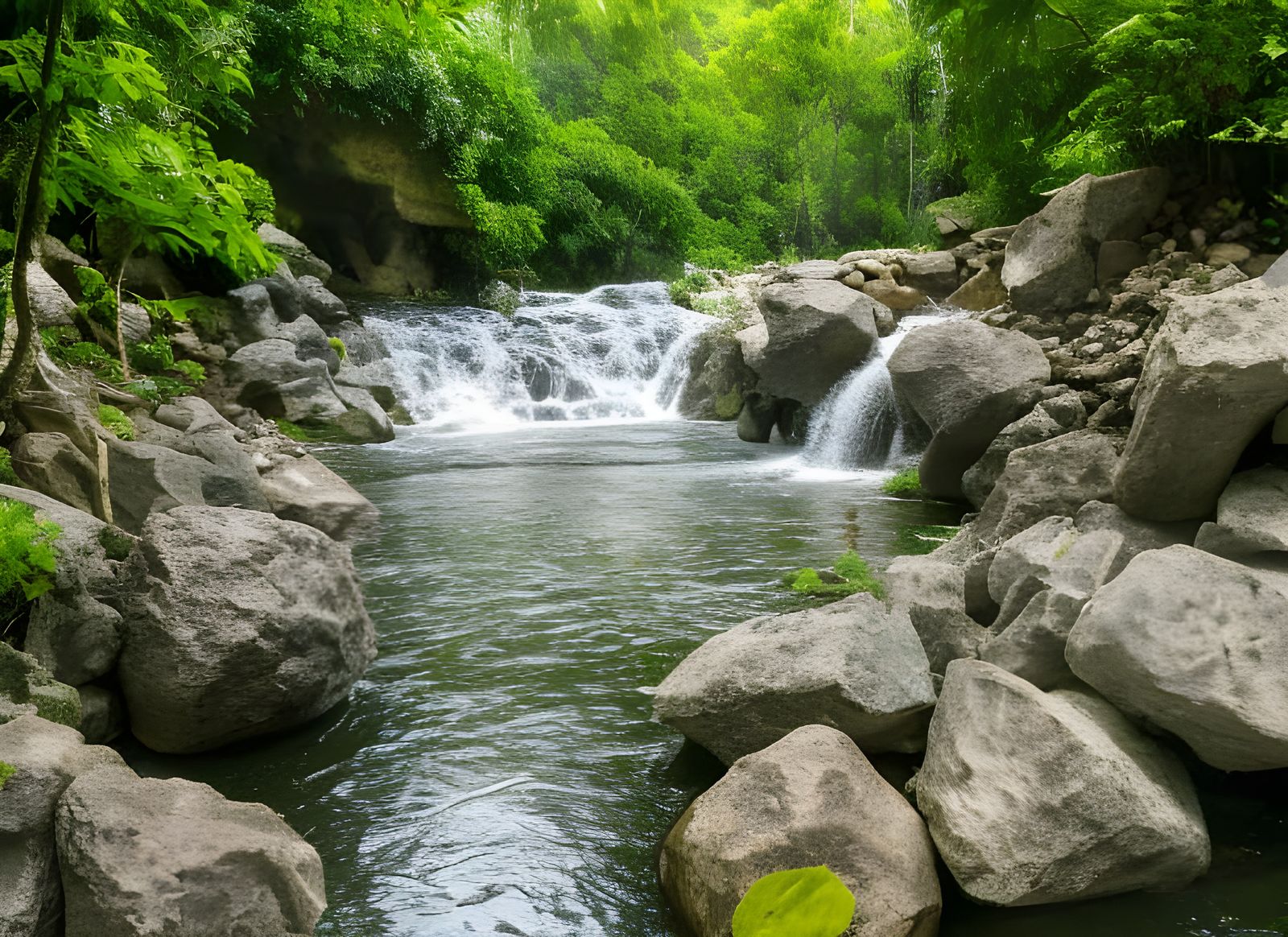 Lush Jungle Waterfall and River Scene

...

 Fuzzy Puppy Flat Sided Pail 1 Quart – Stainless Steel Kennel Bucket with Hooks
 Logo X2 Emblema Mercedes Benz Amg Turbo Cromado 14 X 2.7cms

* * *

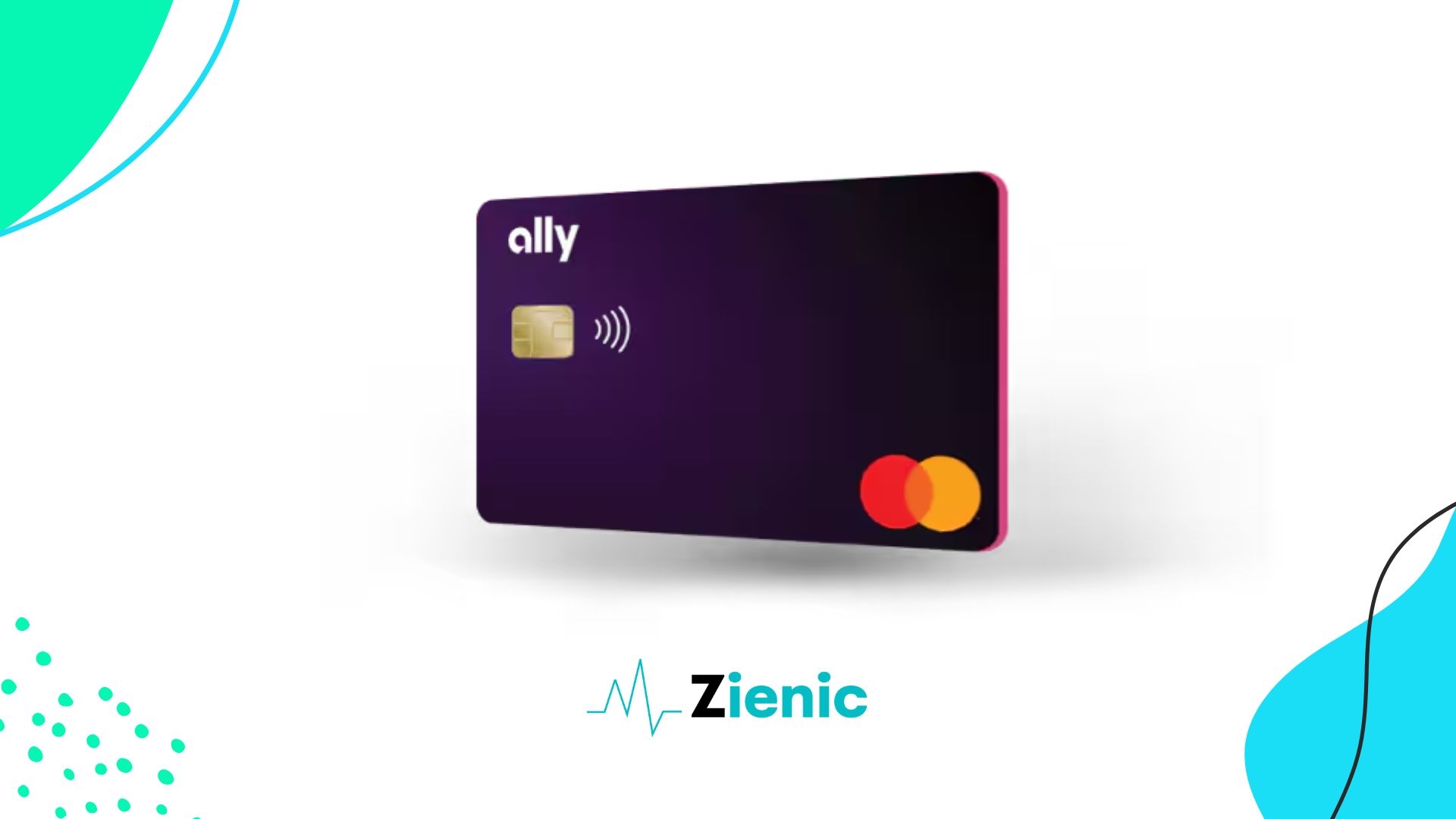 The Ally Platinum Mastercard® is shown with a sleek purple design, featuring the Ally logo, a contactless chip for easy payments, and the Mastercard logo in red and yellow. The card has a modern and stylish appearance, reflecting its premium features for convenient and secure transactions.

> [Problem to work on] The lines above from the one with "Fuzzy Puppy Flat" through the one with "Logo X2 Emblema" are to be duplicated exactly, ends included, with nothing added.

> [Exercise response]
 Fuzzy Puppy Flat Sided Pail 1 Quart – Stainless Steel Kennel Bucket with Hooks
 Logo X2 Emblema Mercedes Benz Amg Turbo Cromado 14 X 2.7cms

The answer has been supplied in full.